## Exercise:
Where a picture appears, skip it and copy everything else in the listing exactly.

## Source data:
>>
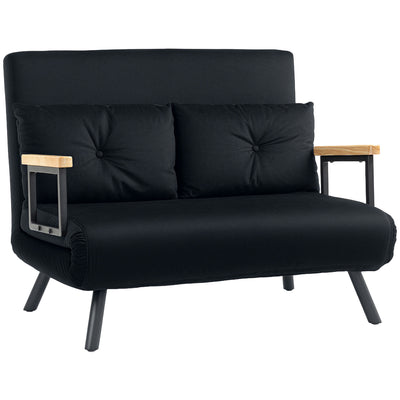 Black 4 in 1 Velvet Feel Double Sofa Bed with Pillows by HOMCOM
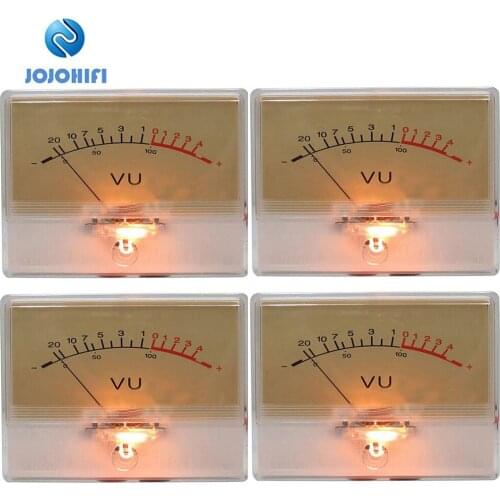 4pcs T-90 High-precision VU Meter Head Amplifier amp DB Level Meter Pre-amplifier Chassis Sound Pressure Strap with Backlight
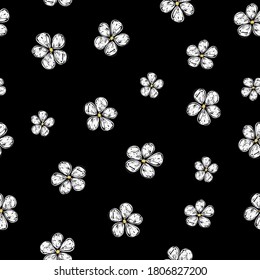 Seamless pattern sketch chamomile flowers design print background for textile and fabric ornament vector illustration 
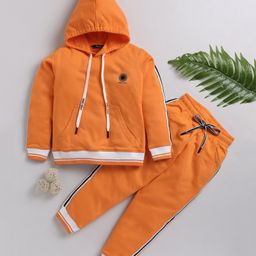 TOONYPORT Full Sleeves Placement Printed Cotton Hooded Tee & Pant Set - Orange-image-41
<<
## Task output:
 Black 4 in 1 Velvet Feel Double Sofa Bed with Pillows by HOMCOM
 4pcs T-90 High-precision VU Meter Head Amplifier amp DB Level Meter Pre-amplifier Chassis Sound Pressure Strap with Backlight
 Seamless pattern sketch chamomile flowers design print background for textile and fabric ornament vector illustration 
 TOONYPORT Full Sleeves Placement Printed Cotton Hooded Tee & Pant Set - Orange-image-41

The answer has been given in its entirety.